Task to complete => Please count how many lines of the data include the word "trinket". Give only that number in reply.

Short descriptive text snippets
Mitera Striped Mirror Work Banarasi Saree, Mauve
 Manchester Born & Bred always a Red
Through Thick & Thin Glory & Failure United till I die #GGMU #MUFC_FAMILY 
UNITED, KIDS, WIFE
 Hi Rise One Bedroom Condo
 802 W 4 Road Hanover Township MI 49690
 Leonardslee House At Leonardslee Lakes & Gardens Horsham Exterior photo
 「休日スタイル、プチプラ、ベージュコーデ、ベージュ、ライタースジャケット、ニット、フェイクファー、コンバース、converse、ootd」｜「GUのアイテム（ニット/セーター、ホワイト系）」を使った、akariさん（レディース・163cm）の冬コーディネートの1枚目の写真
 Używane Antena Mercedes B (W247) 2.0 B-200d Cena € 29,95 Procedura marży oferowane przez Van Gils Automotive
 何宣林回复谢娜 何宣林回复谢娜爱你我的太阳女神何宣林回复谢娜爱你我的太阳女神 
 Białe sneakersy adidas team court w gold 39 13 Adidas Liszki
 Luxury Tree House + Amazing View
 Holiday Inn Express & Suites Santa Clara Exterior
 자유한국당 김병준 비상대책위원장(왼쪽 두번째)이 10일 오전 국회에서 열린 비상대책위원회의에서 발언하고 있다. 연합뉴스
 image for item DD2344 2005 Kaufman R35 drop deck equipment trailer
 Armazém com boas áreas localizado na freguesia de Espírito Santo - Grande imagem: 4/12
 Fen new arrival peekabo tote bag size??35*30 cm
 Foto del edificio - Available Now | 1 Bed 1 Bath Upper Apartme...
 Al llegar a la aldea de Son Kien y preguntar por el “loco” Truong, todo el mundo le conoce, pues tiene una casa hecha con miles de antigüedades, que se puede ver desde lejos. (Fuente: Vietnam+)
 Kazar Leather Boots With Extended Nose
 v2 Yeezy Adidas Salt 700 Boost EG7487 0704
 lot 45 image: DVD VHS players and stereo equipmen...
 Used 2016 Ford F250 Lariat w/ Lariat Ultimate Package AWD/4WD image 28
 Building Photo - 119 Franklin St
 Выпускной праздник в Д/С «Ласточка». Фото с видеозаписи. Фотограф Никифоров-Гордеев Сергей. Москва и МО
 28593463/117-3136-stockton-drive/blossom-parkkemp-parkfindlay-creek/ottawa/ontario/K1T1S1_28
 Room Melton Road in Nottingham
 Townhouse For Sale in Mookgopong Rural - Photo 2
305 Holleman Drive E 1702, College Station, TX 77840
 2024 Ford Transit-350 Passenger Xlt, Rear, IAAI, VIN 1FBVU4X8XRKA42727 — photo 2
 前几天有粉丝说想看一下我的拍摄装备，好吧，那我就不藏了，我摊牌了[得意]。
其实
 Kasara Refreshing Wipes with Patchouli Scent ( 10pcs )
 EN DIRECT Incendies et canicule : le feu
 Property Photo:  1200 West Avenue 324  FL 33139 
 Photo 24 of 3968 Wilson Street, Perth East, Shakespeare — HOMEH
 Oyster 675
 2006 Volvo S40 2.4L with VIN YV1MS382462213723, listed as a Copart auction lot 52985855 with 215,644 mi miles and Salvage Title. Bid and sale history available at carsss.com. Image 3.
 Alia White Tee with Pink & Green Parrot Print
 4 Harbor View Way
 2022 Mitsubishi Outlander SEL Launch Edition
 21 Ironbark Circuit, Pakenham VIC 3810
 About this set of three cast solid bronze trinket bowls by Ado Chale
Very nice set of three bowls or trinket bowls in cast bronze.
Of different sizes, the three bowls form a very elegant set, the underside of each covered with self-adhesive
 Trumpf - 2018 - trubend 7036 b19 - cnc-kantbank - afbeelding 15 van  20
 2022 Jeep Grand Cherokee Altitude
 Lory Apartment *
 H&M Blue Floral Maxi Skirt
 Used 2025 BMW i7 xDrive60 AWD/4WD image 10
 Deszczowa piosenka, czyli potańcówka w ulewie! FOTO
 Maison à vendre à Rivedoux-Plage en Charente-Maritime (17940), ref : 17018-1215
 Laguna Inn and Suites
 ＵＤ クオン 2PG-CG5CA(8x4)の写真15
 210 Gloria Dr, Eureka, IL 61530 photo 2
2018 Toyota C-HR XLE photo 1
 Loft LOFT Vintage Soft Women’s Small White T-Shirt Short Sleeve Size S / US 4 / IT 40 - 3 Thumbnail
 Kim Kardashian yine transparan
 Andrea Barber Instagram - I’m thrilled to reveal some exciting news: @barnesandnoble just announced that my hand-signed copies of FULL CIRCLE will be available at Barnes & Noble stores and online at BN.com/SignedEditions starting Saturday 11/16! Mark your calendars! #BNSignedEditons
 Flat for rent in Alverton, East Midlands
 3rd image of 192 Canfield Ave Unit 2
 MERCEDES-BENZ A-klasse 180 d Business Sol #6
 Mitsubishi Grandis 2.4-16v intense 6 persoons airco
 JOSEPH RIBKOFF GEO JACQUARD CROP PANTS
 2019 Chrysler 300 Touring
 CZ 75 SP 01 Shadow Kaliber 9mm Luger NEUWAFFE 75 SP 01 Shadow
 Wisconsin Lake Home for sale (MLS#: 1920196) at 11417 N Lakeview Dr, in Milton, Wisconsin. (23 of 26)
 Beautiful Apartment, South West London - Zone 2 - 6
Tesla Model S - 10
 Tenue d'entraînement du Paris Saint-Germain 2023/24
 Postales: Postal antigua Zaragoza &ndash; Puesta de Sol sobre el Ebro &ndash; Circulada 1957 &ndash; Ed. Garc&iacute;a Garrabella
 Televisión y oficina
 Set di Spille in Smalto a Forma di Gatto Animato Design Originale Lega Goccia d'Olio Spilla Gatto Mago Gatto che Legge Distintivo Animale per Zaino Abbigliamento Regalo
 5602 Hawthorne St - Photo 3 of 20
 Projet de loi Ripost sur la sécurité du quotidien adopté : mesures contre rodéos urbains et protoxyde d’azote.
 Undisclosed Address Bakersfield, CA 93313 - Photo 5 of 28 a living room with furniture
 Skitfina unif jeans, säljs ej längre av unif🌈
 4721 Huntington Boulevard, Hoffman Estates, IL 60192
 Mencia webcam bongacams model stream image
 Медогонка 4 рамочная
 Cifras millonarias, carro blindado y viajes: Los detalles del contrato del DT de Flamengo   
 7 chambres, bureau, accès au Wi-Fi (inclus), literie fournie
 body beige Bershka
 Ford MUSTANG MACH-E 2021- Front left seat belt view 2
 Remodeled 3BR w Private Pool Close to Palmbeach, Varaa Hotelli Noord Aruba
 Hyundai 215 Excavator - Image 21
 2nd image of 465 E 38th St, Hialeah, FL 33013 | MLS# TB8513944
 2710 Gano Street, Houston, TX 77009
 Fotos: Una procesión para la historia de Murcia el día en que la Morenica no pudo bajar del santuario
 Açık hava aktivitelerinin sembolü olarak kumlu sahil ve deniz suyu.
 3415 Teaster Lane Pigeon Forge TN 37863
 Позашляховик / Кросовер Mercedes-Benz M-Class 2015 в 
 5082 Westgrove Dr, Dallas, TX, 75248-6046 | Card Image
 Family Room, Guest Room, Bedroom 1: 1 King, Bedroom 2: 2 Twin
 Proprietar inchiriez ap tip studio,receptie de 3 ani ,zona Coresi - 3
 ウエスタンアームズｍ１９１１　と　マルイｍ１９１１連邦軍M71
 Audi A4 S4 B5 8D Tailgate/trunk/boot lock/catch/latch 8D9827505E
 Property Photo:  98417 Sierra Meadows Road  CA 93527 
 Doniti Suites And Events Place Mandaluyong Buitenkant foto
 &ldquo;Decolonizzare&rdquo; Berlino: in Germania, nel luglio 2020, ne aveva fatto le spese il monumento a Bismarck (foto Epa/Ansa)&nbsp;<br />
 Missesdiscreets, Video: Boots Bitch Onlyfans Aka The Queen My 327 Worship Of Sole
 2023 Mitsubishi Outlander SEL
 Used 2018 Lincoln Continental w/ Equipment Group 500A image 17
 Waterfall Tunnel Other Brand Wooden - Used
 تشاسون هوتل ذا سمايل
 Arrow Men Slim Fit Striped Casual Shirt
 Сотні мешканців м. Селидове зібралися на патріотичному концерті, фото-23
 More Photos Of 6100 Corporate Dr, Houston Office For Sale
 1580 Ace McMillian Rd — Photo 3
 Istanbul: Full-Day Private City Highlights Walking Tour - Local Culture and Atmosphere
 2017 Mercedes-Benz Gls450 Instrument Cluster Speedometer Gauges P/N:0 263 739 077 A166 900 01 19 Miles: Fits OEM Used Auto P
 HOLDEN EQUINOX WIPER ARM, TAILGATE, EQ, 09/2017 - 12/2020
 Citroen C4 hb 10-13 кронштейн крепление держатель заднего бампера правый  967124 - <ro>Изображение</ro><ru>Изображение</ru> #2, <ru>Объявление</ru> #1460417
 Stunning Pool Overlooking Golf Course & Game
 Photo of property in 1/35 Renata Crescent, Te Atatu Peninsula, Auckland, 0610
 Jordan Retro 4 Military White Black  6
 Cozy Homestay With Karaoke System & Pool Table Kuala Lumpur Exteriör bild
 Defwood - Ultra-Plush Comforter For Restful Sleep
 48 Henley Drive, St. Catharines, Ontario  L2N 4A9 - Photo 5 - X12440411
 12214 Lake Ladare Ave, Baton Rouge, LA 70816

Exercise result => 2